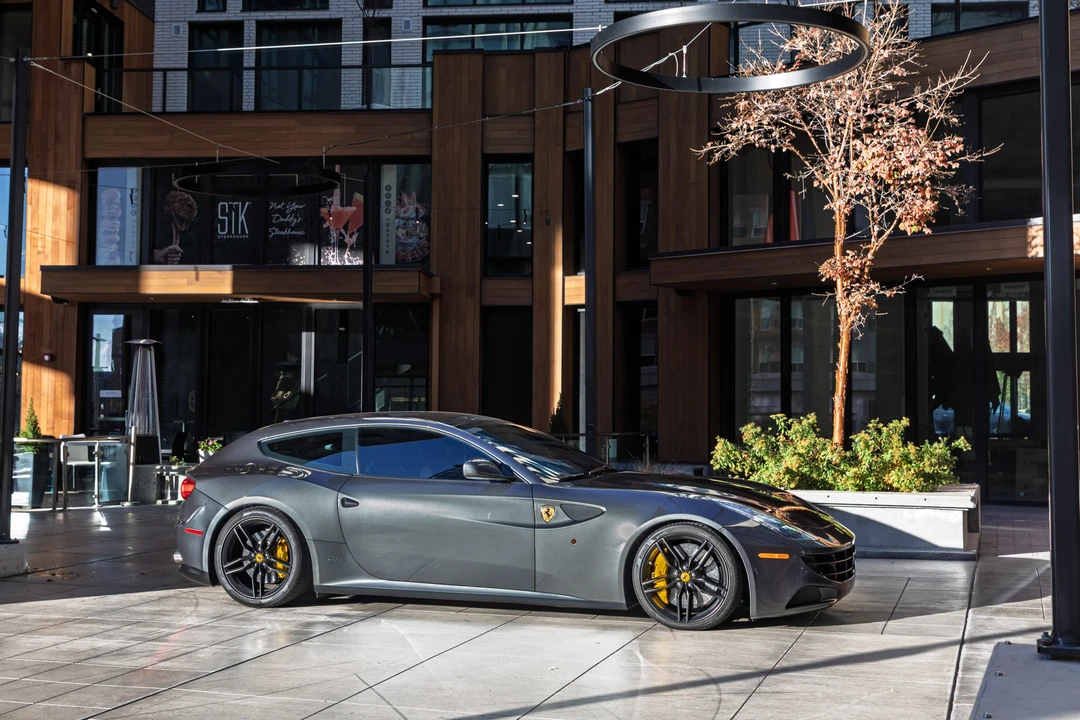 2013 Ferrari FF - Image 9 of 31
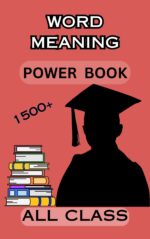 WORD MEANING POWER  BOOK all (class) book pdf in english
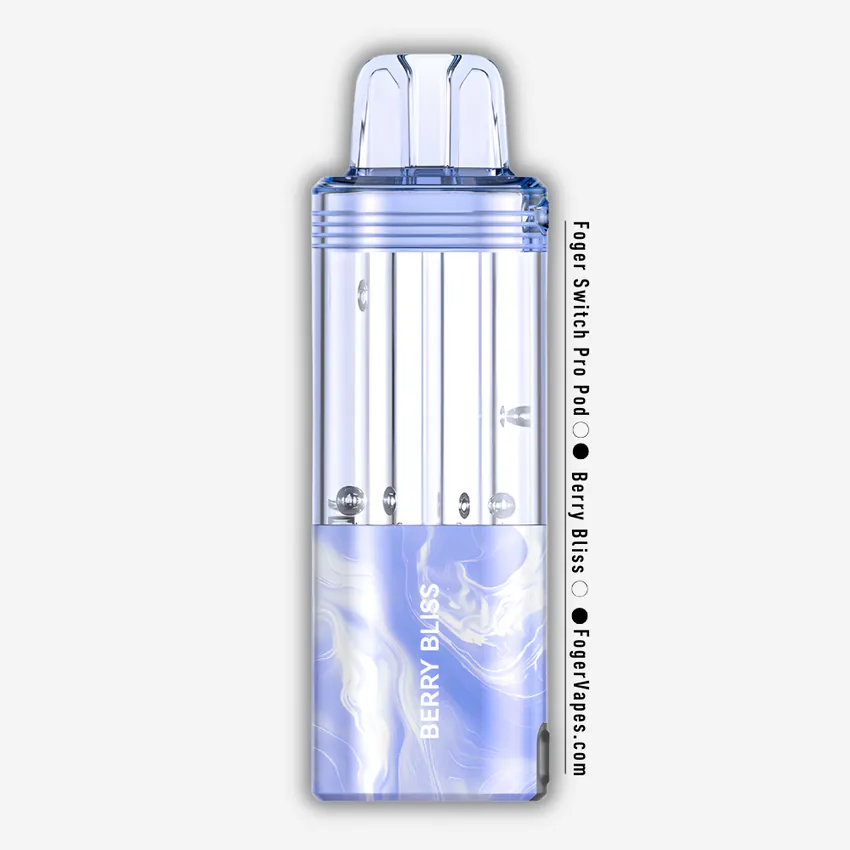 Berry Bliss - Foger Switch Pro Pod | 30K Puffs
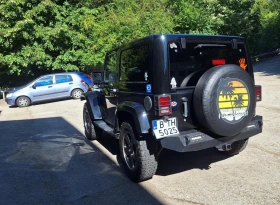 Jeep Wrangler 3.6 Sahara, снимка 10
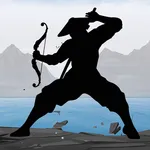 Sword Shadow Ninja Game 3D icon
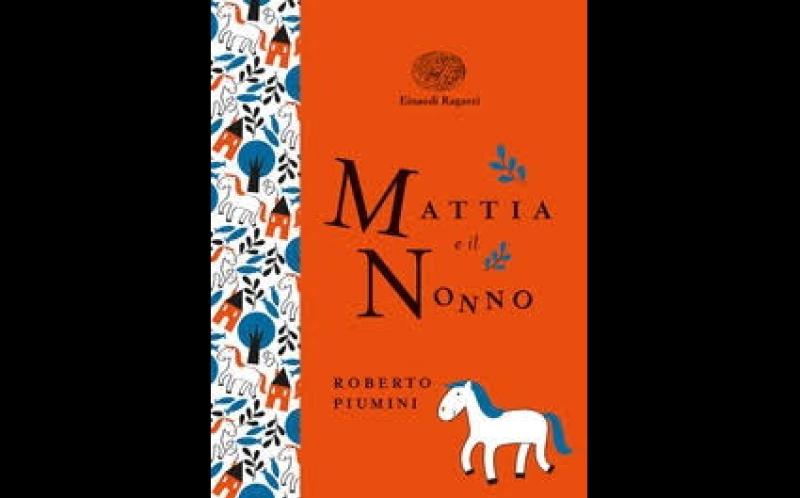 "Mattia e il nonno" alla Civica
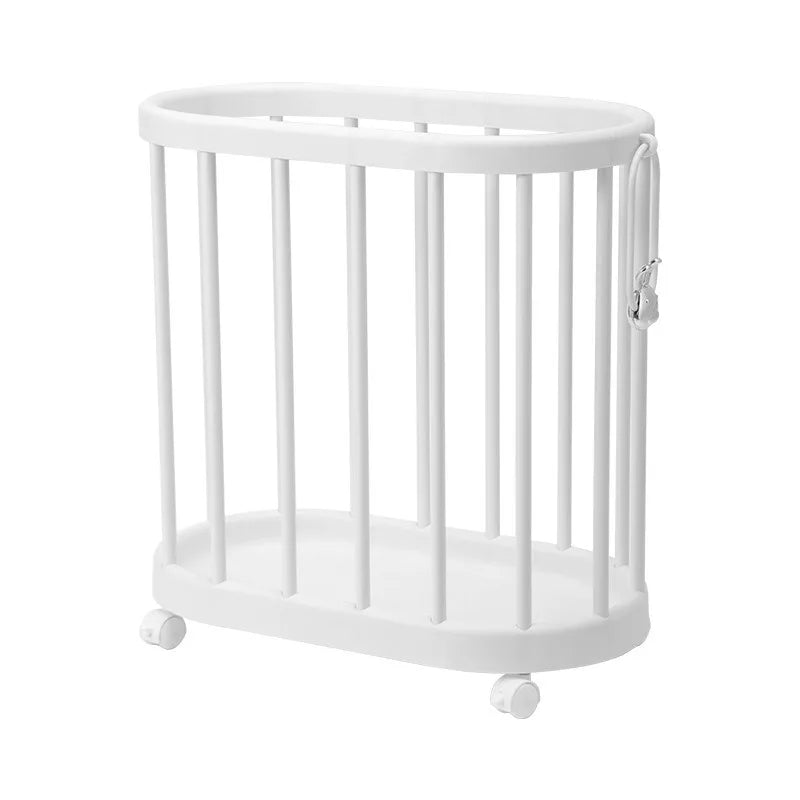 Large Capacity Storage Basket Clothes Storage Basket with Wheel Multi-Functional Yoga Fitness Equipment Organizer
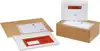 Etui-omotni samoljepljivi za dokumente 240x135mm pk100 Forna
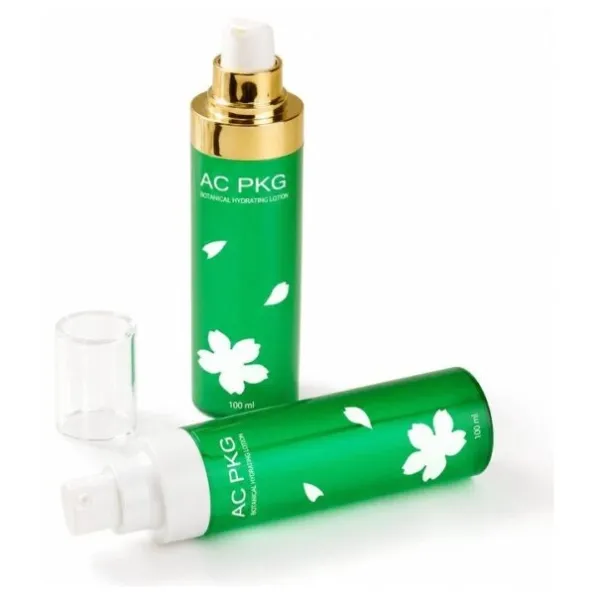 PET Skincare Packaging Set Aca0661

----

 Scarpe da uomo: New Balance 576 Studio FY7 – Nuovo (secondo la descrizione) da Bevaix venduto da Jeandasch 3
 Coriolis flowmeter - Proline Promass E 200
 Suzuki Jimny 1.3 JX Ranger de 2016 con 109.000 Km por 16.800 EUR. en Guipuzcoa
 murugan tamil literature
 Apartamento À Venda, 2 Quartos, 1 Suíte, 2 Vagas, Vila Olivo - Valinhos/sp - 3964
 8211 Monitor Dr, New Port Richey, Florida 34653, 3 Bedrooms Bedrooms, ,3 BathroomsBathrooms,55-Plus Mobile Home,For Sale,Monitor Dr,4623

----

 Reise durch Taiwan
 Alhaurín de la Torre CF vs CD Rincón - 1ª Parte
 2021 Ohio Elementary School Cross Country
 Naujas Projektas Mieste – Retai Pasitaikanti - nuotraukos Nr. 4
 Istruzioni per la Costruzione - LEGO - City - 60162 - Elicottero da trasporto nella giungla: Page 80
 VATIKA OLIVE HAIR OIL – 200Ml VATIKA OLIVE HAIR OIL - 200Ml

----

▶ [What you should do]: Please output, exactly as written, the lines above from the one holding "Sword Shadow Ninja Game 3D icon" through the one holding "PET Skincare Packaging Set Aca0661", both included, with the pictures omitted.

▶ [Written reply]:
 Sword Shadow Ninja Game 3D icon
 "Mattia e il nonno" alla Civica
 Large Capacity Storage Basket Clothes Storage Basket with Wheel Multi-Functional Yoga Fitness Equipment Organizer
 Etui-omotni samoljepljivi za dokumente 240x135mm pk100 Forna
 PET Skincare Packaging Set Aca0661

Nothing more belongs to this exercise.